For those of you who know me, I’m involved in a lot of things: I’m the president of the Wittenberg choir, of a religious ministry, of the English department’s committee, the Torch, etc. I do a lot of things.
And I think that’s something that several people – not just me – encounter here. There’s a joke around campus that 20 percent of the people do 80 percent of the work for campus organizations, and that’s something I’ve found over the last few years to be fairly accurate.
Greek life, though it can be wonderful, is very time consuming. Between bonding nights with your sisters, philanthropy events, etc., I’ve yet to encounter a person in Greek life that hasn’t said “Oh, I can’t do (insert event). I have (insert Greek event) that must take priority.” While Greek life can be great for its bonding and brother or sisterhood, I worry that it can be impeding on your relationships with people outside of Greek life.

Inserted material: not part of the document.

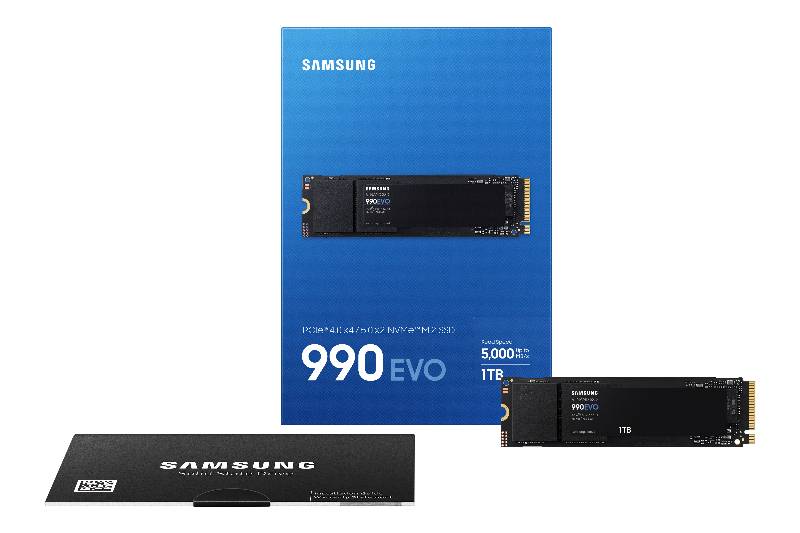 SAMSUNG 1TO NVME GEN4 M.2 - 990 EVO 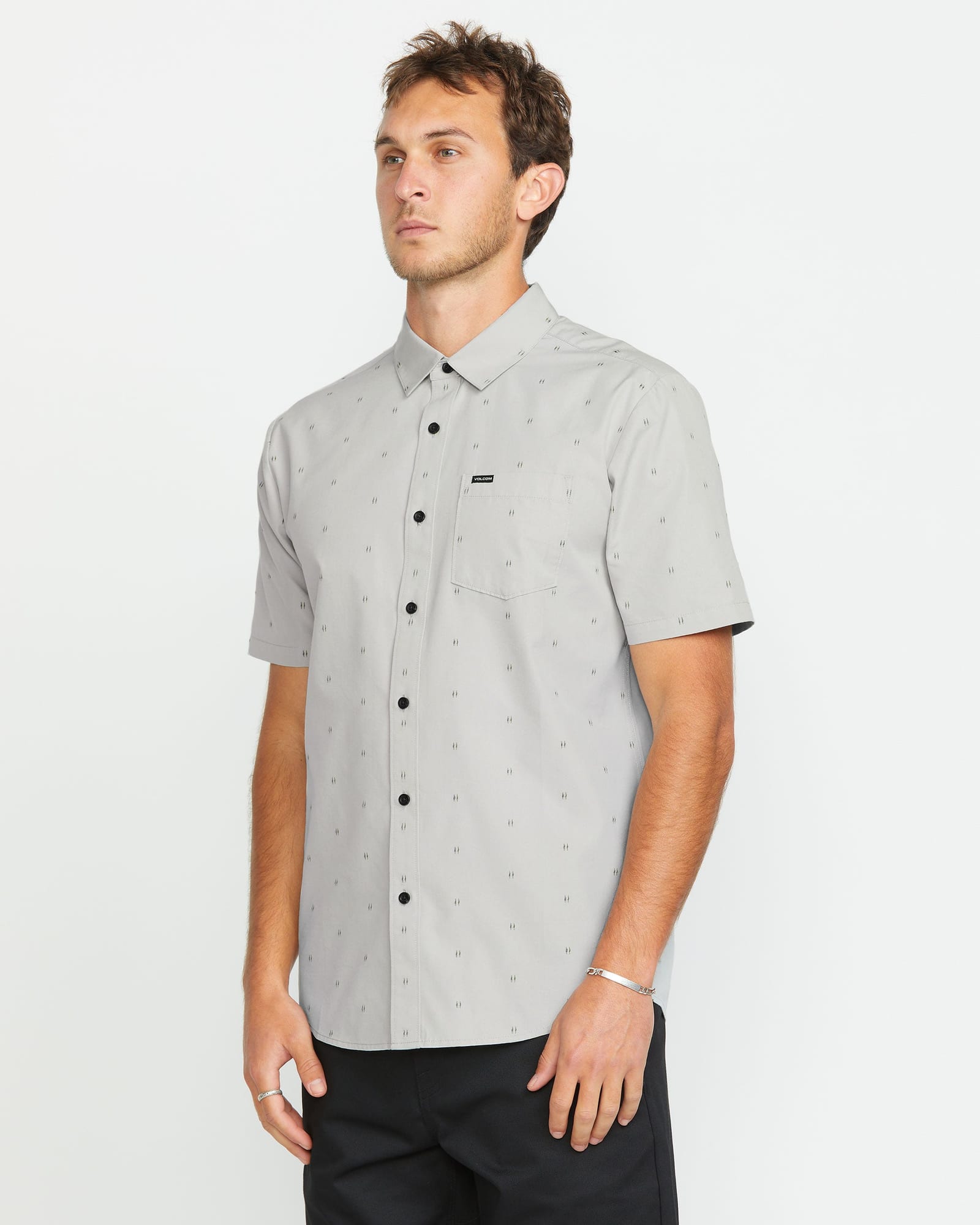 Volcom Men's Bankstone Short Sleeve Shirt - Image 22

I’ve felt, in a sense, abandoned by my friends as they’ve become more involved with Greek life; I’ve felt my relationships with people I care about slip away over the years due to our busy schedules.
And that’s my fault, too. I think that’s something we all experience due to the Wittenberg condition. We are planning our futures and making memories and shaping who we are as people. Though the academic aspect of a college education is a very vital part of college life, your extra-curricular activities and your interpersonal relationships are what help you realize what you want in life, and can set you up with contacts for your future.
I have many interests, and many things I hope to help me in my future. I know I’m involved in what I need to for my own sake.
I have nothing against Greek life; I highly encourage people to try it if they think it’s for them. I just know that I have different priorities for my future, and sisterhood was not one of them.